В 1956 году он закончил «Доктора Живаго» и предложил в «Новый мир». Редакция возвратила рукопись, приложив письмо, которое было напечатано в «Литературной газете» через два года, когда Пастернаку была присуждена Нобелевская премия и мировой скандал уже разразился. Я не стану пересказывать это длинное письмо, подписанное Б. Агаповым, Б. Лавреневым, К. Фединым, К. Симоновым и А. Кривицким. В конечном счете оно сводится к обвинению, будто Пастернак, считая, что революция не удалась, предательски оклеветал народ и обвинил в «ненаучности» марксизм. Не буду входить в существо этих обвинений, отрицающих право на самостоятельное мышление.
8
Передавая рукопись «Доктора Живаго» для опубликования в Италии, Пастернак сказал Серджио Данджело: «Вы пригласили меня на собственную казнь». Трудно переоценить все значение этого шага. Ошеломляющая смелость его опрокидывала чувство страха перед всем иностранным, начиная с личного общения и кончая литературой.
— Зачем портить себе биографию? — спросил меня старший брат, услышав в 1956 году, что я еду в Италию на Олимпиаду.
Психологическая стена между нами и Западом была плотной, — Пастернак пробил ее одним ударом. Это был поступок, не только предсказывающий, но всем своим существом связанный с прошлым. Это было возобновлением вековой связи, напоминанием об историческом пути России и — что особенно важно — свободным волеизъявлением личности.

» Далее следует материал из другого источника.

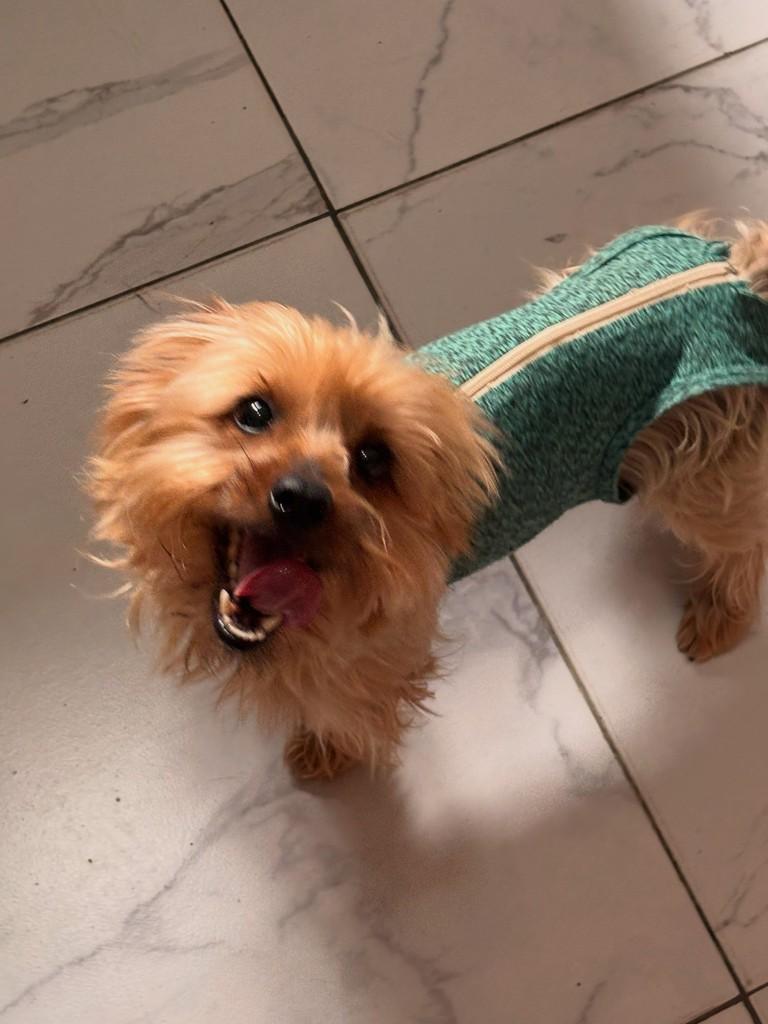 Júlio, cachorro de porte pequeno para adoção em São Paulo - SP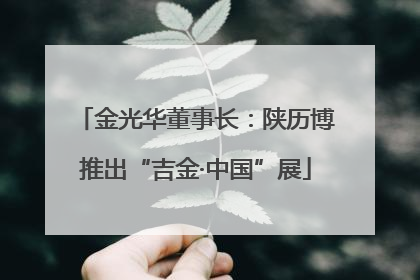 金光华董事长：陕历博推出“吉金·中国”展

Конечно, в присуждении Нобелевской премии играли свою роль политические соображения. Но по существу оно было справедливым — Пастернак сделал неоценимо много для развития русской литературы. Кстати, премия была присуждена по совокупности — за всю его деятельность, а не только за роман «Доктор Живаго».
Что же началось, когда это свершилось? Пастернак был предан всенародному проклятию, вопреки тому, что никто (кроме редакции «Нового мира») не читал его роман и, следовательно, не мог судить о нем объективно. Слова «всенародное проклятие» звучат почти риторически. На деле же риторикой не пахло. На тысячах собраний, не только писательских, в сотнях городов он был объявлен Иудой, человеконенавистником, циником, пасквилянтом, клеветником, изменником, предателем, отщепенцем, внутренним эмигрантом. Его называли озлобленной шавкой, лягушкой в болоте.
В Москве 31 октября 1958 года состоялось общее собрание членов Союза писателей под председательством С. С. Смирнова. Резолюция — «Голос московских писателей» — была опубликована в «Литературной газете» от 1 ноября. Привожу ее текст:
«Собрание московских писателей, обсудив поведение литератора Б. Пастернака, не совместимое со званием советского писателя и советского гражданина, всецело поддерживает решение руководящих органов Союза писателей о лишении Б. Пастернака звания советского писателя, об исключении его из рядов членов Союза писателей СССР.
Давно оторвавшийся от жизни и от народа, самовлюбленный эстет и декадент, Б. Пастернак сейчас окончательно разоблачил себя как враг самого святого для каждого из нас, советских людей, — Великой Октябрьской социалистической революции и ее бессмертных идей.
Написав антисоветский клеветнический роман „Доктор Живаго“, Б. Пастернак передал его для опубликования за границу и совершил тем самым предательство по отношению к советской литературе, советской стране и всем советским людям.